**What is needed:**
Return exactly the run of lines that begins at the line containing "Bruce Lee doesn’t" and ends at the last line of the material below; pictures stay out.

**Given data:**
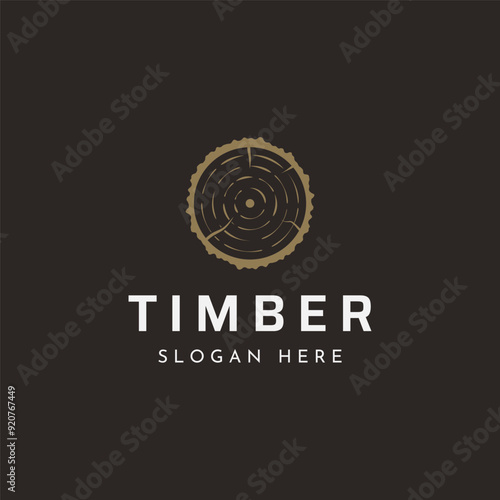 vintage retro wood and wood tools logo template.Logo design for carpenter ,old badge,furniture.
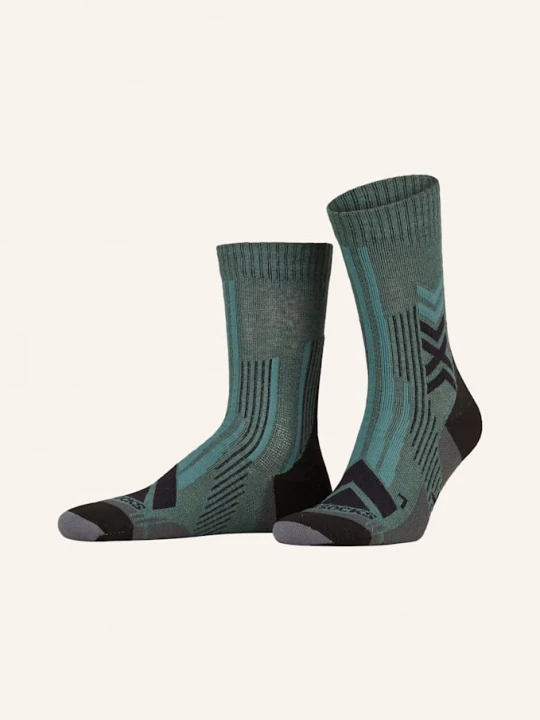 Obrázek produktu X-Socks Trekingové Ponožky Hike Perform Merino tmavě zelená / černá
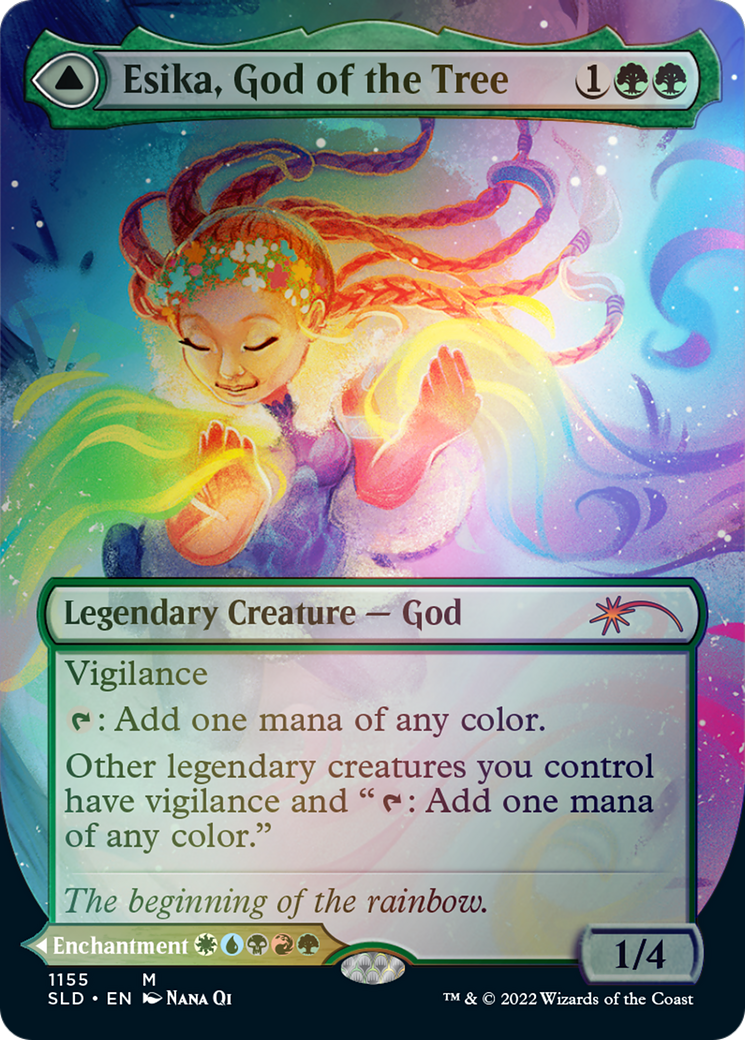 Esika, God of the Tree // The Prismatic Bridge (Borderless) [Secret Lair: From Cute to Brute] | Odin's Place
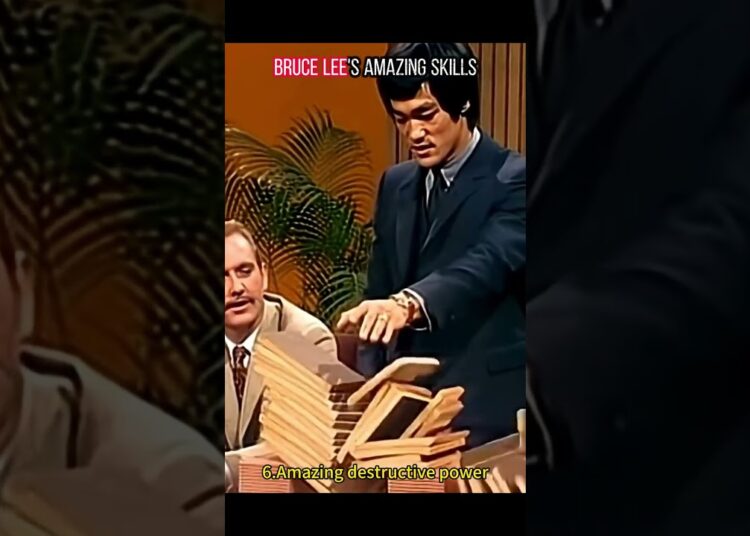Bruce Lee doesn’t need AI #brucelee #celebrity #funny #kungfu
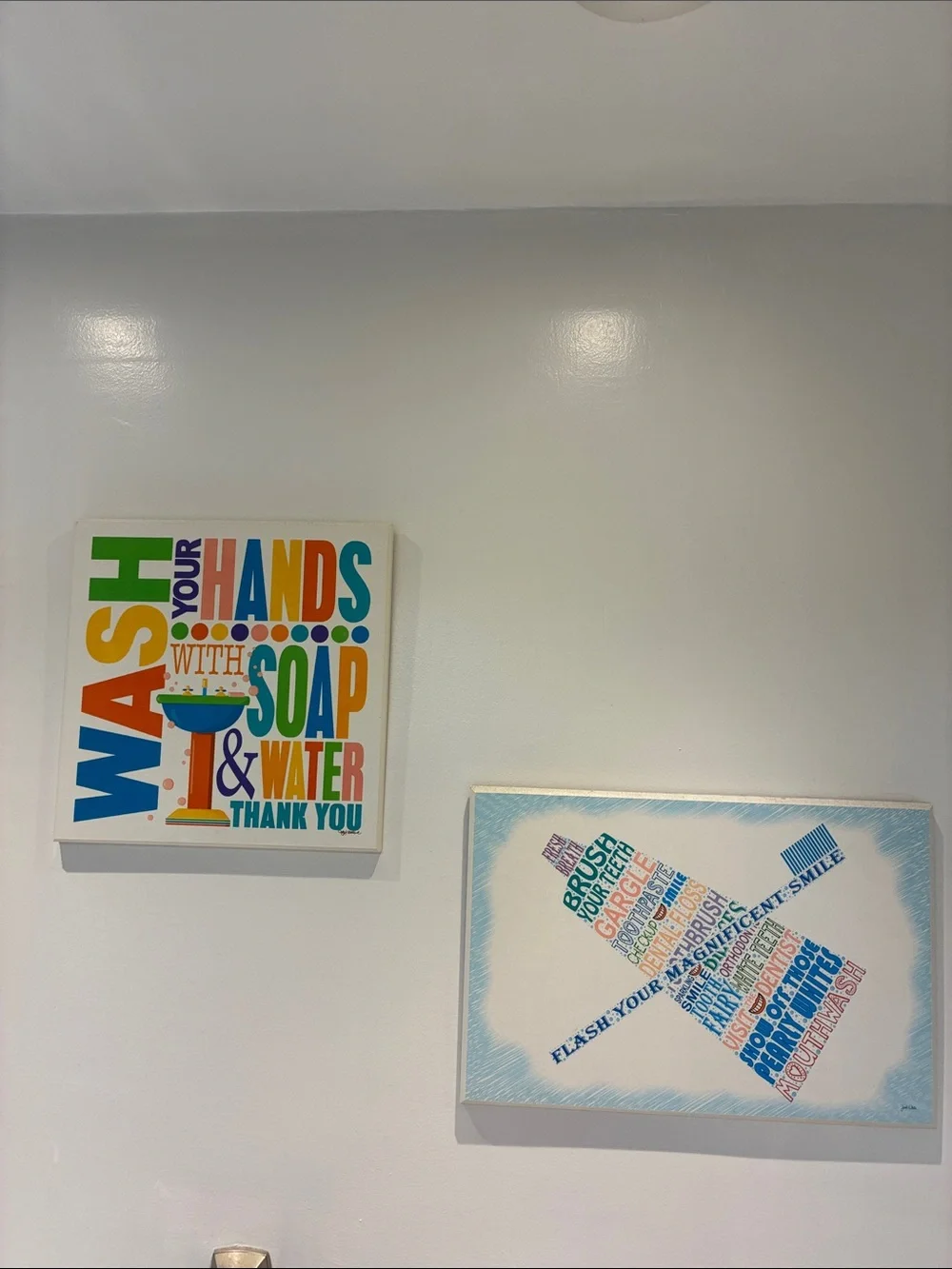Colorful Wash Your Hands Wall Art - Multicolor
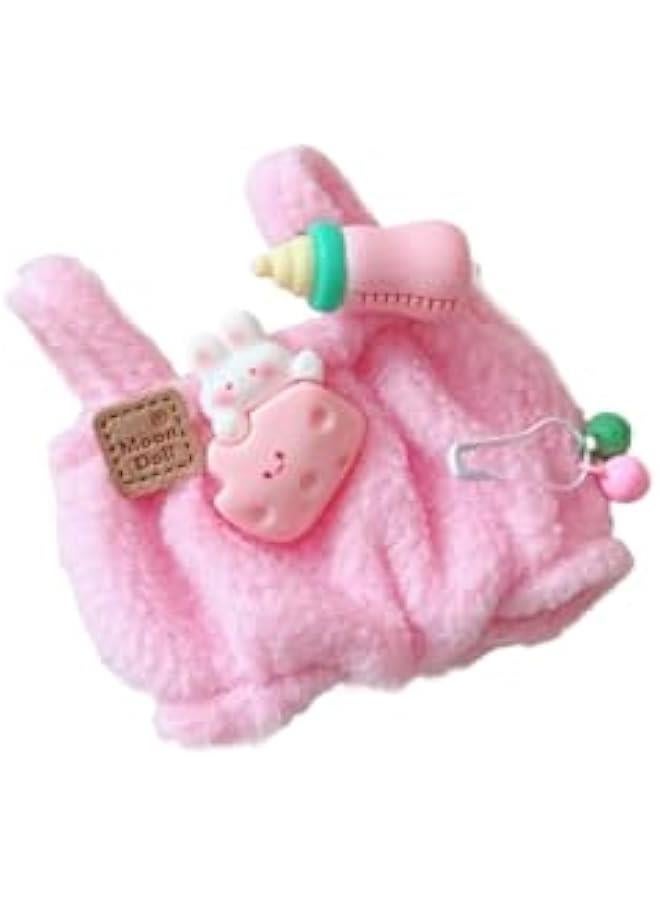 17cm labubu Doll Clothes Set for 17cm labubu Accessories Suit no Doll only Clothes (1Pink Milk Bottle Jumpsuit)  - Image 1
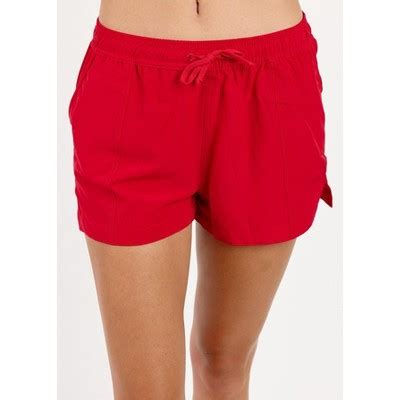 Calypsa Women's 2"-3" Chlorine Resistant Board Shorts - Red, M : Target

**Exercise output:**
Bruce Lee doesn’t need AI #brucelee #celebrity #funny #kungfu
Colorful Wash Your Hands Wall Art - Multicolor
 17cm labubu Doll Clothes Set for 17cm labubu Accessories Suit no Doll only Clothes (1Pink Milk Bottle Jumpsuit)  - Image 1
 Calypsa Women's 2"-3" Chlorine Resistant Board Shorts - Red, M : Target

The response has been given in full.